In 2022, you can expect more businesses and machine learning models using and experimenting with synthetic data. Generative AI models can learn from themselves and generate new data, which is both cost effective and improves efficiency. With these benefits, it’s obvious why many businesses are excited about generative AI and synthetic data. And, as more companies experiment with and implement synthetic data and generative AI, we’ll see new use cases developed over the next few years.
Acceleration of Internal Efficiency Use Cases
Some great news for the industry: AI budgets are on the rise, according to a recent report. 74% of respondents reported that they have AI budgets of over $500k. As well, 67% of business leaders say that their AI projects have “shown meaningful ROI”.
As budgets grow and the variety of use cases expands, it’s not surprising the number one most popular use case, at 62%, is supporting internal operations.
- 55% looking to improve their understanding of corporate data
- 54% looking to improve productivity and efficiency of internal business processes
As companies shift towards using AI and machine learning models to improve internal efficiency, they`ll face an important data challenge. Companies now need to know how data moves through their organization and what happens to that data along the journey. As companies make this realization, they’re going to need to make two moves:
- They will need to focus more attention on deploying platforms that enable them to eliminate data silos and centrally manage data
- They will need to work internally or with partners to develop strategies focused on being able to manage data throughout the entire AI lifecycle. If your organization can take these two steps, your AI initiatives will be more effective and efficient.

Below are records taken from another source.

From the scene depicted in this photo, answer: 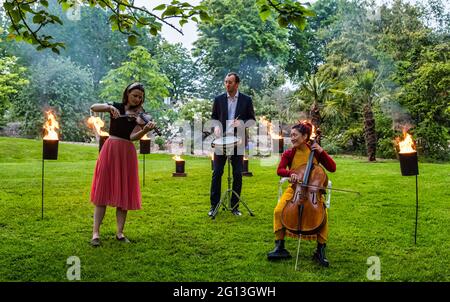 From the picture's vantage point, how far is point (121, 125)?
396 cm

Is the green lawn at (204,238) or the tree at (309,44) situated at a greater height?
the tree at (309,44)

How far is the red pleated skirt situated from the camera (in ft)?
12.9

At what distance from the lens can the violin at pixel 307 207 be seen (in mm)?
3387

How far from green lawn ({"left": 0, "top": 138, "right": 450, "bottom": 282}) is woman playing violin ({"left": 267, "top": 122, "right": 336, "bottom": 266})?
0.12 m

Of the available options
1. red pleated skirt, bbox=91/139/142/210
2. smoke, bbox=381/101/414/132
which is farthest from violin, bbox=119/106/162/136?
smoke, bbox=381/101/414/132

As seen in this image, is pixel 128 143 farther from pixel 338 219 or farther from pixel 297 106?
pixel 297 106

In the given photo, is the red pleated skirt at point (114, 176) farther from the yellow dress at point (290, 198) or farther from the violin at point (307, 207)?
the violin at point (307, 207)

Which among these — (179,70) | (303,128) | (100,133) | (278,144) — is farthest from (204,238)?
(179,70)

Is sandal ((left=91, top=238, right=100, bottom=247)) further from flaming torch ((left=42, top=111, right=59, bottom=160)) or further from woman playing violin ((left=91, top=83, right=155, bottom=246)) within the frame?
flaming torch ((left=42, top=111, right=59, bottom=160))

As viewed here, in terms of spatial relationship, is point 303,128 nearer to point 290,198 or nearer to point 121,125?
point 290,198

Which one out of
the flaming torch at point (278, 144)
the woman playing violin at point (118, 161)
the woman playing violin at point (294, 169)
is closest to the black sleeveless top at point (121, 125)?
the woman playing violin at point (118, 161)

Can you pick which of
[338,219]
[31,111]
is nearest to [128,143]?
[338,219]

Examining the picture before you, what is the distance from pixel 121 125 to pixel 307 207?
1.79m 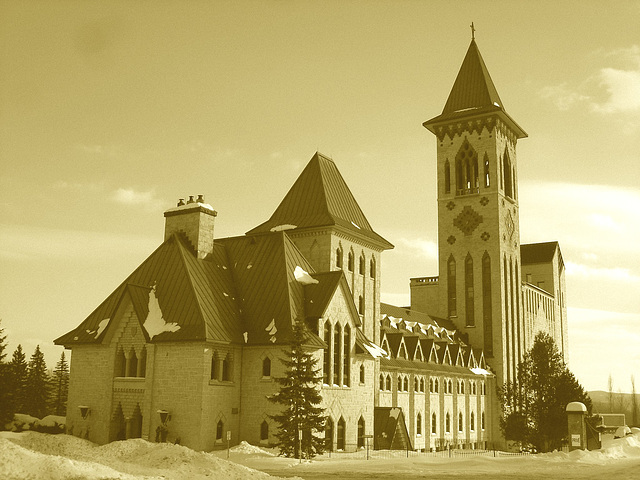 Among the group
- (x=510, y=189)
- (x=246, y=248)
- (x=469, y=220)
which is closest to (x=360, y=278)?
(x=246, y=248)

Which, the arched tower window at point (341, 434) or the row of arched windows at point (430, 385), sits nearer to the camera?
the arched tower window at point (341, 434)

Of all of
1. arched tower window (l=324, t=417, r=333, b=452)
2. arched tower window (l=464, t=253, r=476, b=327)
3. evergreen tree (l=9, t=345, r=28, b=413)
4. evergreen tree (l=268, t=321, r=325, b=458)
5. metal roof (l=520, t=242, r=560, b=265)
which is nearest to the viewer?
evergreen tree (l=268, t=321, r=325, b=458)

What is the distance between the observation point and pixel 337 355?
41.9 meters

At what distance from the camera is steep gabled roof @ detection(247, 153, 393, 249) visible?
48.7m

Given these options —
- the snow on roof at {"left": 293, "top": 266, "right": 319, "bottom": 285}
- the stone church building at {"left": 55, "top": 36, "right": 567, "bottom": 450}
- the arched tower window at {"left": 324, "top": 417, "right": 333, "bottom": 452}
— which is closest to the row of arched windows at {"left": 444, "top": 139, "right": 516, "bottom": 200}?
the stone church building at {"left": 55, "top": 36, "right": 567, "bottom": 450}

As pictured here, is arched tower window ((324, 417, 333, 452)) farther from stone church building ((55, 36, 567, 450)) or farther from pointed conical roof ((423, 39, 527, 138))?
pointed conical roof ((423, 39, 527, 138))

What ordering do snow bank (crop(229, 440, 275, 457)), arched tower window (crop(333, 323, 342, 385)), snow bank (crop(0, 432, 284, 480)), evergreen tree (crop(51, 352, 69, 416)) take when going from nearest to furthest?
snow bank (crop(0, 432, 284, 480)) → snow bank (crop(229, 440, 275, 457)) → arched tower window (crop(333, 323, 342, 385)) → evergreen tree (crop(51, 352, 69, 416))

Model evaluation and optimization will be mainstream
In the AI technology community, one perception is gradually beginning to resonate: Building an AI machine learning model is not complete with just one. Models should be evaluated, optimized, and retrained on a regular basis. In 2022 and beyond, this perception will become common knowledge. The machine learning model is dynamic and cannot be simply deployed and left to its own devices. Like cars that require regular alignment adjustments, machine learning models can drift over time. This drift can cause machine learning model results to become increasingly inaccurate over time. Machine learning models need to be reviewed and updated based on ongoing output and changes in infrastructure, data sources, and business models.
According to a report, the knowledge that machine learning models need to be reviewed and updated on a regular basis has taken a big leap.
- 87% of companies update their models at least quarterly, up from 80% a year ago
- 57% update their models at least monthly
- 91% of large organizations update their models at least quarterly
Organizations using external data providers most often update their models at least once a month. As more companies adopt machine learning models, they begin to realize that once they’re launched, they can’t just rely on themselves. Companies use machine learning models to implement protocols for drifting and regular tuning. The adoption of AI technology and machine learning models are widespread, but this is only the first step. Today, it’s important for organizations to rely on external data partners and educational sources to learn how to manage and improve the use of AI and machine learning.
As part of the maturity of AI, we see the transition from talking about responsible AI to implementing responsible AI programs. By doing so, the enterprise recognizes the important nature of the data. Recognizing its importance for the success of AI projects, external data partners can be used to collect data for the entire life cycle and make synthetic data more cost-effective and safer to use.